■ ABOUT THIS TASK ■
Extract precisely the lines that run from the line containing "Noah and the" to the end of the records below, with both ends included and pictures omitted.

:::

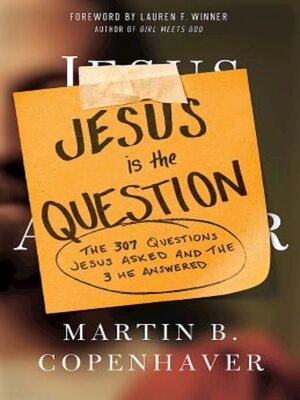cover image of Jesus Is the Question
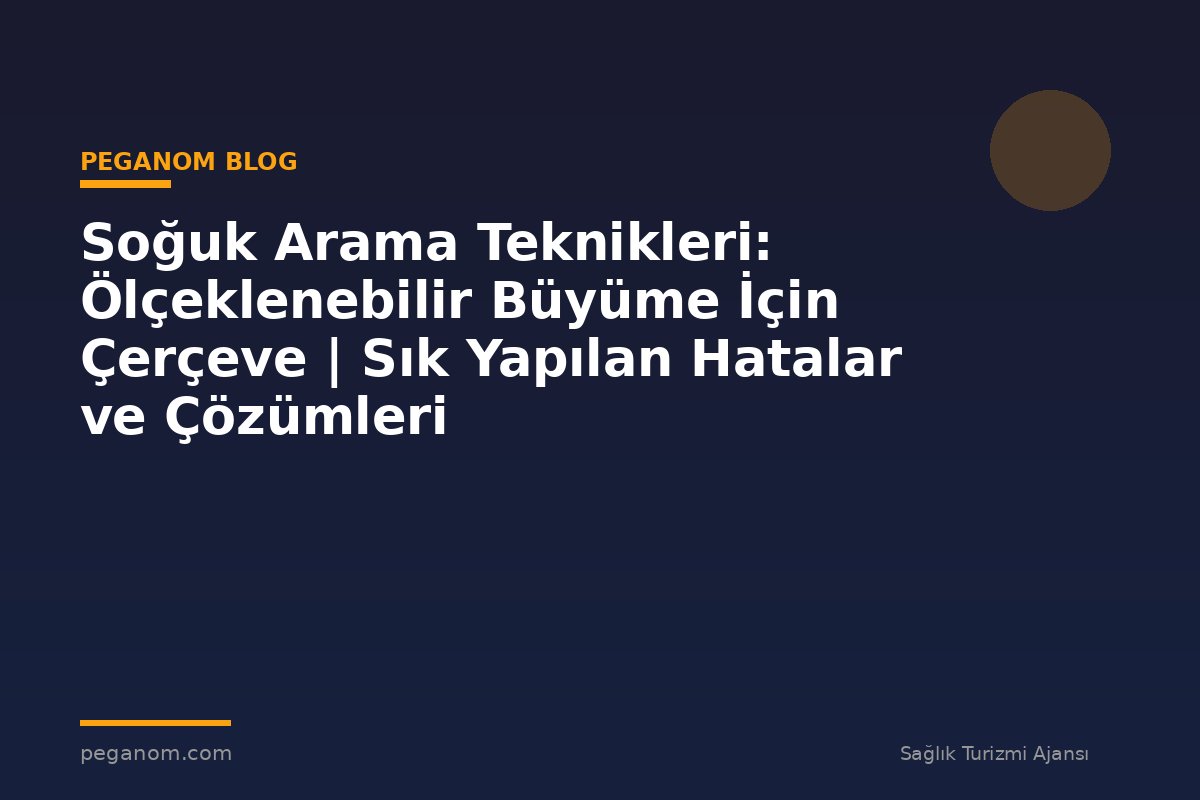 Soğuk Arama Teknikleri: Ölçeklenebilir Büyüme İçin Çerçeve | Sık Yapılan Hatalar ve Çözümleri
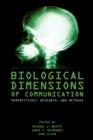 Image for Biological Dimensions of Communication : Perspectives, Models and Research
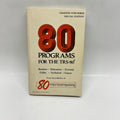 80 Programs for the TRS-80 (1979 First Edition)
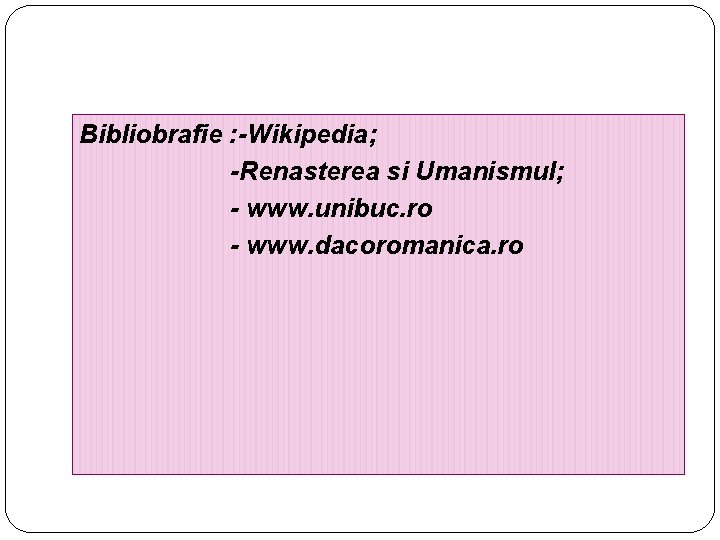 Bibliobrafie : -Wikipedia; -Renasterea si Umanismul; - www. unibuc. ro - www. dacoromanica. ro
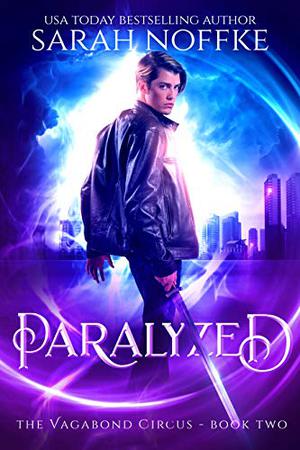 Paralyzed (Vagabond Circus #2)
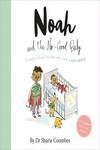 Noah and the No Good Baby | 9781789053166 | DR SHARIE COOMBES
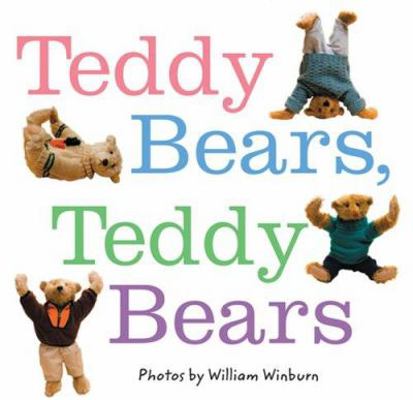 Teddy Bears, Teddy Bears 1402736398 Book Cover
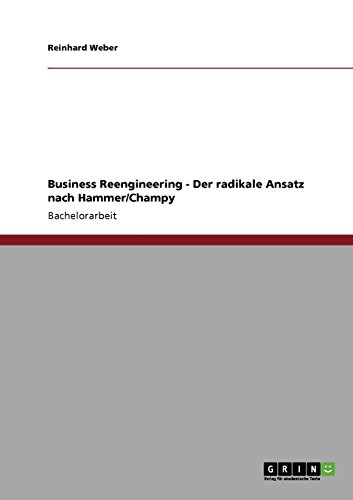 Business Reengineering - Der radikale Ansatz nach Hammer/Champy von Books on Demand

:::

■ RESULT FOR THIS TASK ■
 Noah and the No Good Baby | 9781789053166 | DR SHARIE COOMBES
 Teddy Bears, Teddy Bears 1402736398 Book Cover
 Business Reengineering - Der radikale Ansatz nach Hammer/Champy von Books on Demand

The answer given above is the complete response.